Stored data START

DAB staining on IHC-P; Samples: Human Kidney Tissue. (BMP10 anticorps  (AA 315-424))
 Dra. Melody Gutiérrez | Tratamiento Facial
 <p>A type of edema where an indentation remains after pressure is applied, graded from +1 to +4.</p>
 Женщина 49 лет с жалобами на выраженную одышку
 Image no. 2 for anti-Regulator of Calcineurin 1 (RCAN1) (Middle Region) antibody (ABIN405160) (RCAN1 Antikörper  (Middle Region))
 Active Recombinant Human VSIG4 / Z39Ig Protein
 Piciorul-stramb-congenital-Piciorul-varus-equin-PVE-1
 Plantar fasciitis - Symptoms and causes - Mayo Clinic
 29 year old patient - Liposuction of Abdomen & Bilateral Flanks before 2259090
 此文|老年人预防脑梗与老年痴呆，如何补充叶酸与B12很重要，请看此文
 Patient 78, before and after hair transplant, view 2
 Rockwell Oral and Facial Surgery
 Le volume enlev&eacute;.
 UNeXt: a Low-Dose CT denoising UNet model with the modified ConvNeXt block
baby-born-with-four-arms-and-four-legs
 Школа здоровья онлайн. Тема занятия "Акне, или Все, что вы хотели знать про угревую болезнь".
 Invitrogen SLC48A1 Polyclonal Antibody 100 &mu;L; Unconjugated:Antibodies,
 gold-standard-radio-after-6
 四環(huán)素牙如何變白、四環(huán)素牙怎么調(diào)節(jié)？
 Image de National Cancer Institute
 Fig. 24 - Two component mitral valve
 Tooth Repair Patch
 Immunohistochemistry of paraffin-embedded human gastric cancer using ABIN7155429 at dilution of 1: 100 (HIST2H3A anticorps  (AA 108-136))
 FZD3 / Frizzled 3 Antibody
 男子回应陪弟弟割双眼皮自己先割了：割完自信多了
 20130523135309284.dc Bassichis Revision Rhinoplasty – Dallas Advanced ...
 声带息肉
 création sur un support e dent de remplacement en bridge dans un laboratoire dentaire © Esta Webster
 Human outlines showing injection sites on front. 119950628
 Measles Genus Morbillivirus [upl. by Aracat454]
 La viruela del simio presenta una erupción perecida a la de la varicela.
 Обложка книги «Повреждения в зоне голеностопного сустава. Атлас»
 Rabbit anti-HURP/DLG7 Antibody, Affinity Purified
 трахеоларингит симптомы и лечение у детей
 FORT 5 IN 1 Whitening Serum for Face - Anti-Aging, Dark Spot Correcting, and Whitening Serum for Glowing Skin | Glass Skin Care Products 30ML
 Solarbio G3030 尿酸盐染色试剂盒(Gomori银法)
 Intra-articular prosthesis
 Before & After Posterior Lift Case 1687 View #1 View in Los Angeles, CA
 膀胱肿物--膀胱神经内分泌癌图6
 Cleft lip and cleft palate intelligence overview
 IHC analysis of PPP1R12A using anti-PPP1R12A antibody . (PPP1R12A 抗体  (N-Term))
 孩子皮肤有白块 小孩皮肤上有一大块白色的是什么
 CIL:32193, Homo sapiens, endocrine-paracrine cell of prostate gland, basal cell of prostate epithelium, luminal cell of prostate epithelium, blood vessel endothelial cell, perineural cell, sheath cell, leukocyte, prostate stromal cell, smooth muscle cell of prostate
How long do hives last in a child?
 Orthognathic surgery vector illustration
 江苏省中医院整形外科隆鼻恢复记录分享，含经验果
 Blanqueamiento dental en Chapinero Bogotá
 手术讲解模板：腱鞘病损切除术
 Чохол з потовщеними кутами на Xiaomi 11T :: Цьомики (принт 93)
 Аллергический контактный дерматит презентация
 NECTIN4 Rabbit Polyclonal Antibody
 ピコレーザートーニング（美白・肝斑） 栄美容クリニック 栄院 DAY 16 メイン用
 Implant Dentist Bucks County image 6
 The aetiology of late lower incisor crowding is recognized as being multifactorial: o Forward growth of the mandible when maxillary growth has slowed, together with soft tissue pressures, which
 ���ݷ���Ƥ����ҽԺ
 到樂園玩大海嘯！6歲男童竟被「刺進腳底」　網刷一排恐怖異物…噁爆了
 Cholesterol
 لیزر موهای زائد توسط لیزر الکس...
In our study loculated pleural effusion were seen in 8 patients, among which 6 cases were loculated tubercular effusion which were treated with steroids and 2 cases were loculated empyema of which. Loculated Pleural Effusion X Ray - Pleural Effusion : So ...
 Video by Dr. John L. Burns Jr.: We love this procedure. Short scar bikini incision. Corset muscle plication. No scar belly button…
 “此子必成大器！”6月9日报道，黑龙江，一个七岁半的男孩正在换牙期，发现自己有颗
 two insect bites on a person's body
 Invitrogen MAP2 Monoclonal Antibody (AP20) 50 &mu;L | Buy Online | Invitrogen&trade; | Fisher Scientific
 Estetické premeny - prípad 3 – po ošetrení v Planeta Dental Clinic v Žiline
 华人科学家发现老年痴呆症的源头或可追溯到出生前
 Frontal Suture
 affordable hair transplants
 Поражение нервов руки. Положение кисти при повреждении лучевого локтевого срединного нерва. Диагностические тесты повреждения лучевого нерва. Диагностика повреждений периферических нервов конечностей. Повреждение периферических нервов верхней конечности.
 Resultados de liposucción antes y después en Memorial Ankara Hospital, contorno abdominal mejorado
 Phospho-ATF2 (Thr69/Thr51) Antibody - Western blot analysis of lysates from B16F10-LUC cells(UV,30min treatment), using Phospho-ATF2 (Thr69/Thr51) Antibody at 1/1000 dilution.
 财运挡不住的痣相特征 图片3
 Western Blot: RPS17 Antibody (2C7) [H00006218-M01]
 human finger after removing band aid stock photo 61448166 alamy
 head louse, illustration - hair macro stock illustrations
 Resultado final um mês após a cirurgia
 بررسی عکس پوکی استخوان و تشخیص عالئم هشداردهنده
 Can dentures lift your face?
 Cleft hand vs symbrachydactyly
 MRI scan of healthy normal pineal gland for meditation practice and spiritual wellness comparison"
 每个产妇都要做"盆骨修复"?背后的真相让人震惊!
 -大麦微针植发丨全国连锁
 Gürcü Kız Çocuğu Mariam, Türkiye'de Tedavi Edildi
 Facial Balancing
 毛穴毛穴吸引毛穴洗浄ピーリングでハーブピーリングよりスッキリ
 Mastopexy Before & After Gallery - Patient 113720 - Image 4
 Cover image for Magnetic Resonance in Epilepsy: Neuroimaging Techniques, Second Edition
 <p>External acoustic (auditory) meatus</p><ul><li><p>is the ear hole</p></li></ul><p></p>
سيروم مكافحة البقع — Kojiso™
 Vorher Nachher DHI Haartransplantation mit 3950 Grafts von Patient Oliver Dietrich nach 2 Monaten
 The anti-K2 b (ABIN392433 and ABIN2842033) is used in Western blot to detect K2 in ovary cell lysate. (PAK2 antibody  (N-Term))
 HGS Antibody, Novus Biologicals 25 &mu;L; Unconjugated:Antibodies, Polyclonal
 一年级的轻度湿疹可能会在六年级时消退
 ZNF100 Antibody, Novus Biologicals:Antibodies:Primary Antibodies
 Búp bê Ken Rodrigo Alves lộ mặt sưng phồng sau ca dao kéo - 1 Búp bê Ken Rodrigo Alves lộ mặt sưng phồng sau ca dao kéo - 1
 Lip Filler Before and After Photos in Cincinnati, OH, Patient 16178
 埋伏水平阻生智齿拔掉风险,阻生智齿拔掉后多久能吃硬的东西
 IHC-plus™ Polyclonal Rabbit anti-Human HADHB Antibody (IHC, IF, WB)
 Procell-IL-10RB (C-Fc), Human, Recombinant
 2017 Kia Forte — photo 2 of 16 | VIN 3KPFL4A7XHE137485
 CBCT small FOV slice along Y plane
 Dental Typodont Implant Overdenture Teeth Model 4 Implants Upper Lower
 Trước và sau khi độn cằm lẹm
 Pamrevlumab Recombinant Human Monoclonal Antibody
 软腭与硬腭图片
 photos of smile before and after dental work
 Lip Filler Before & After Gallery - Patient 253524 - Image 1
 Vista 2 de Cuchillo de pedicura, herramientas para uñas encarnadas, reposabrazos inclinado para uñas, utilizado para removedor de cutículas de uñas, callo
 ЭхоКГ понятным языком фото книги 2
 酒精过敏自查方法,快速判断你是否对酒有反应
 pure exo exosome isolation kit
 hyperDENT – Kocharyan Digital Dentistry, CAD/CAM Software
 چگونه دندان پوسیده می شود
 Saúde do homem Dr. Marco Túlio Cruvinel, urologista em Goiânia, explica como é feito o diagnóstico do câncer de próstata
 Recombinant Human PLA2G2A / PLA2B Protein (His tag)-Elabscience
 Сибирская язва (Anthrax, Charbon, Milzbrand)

Stored data END

Task objective: Set down, word for word and with no other lines, the listing from the line marked by "Recombinant Human PLA2G2A" through its final line.

Task output:
 Recombinant Human PLA2G2A / PLA2B Protein (His tag)-Elabscience
 Сибирская язва (Anthrax, Charbon, Milzbrand)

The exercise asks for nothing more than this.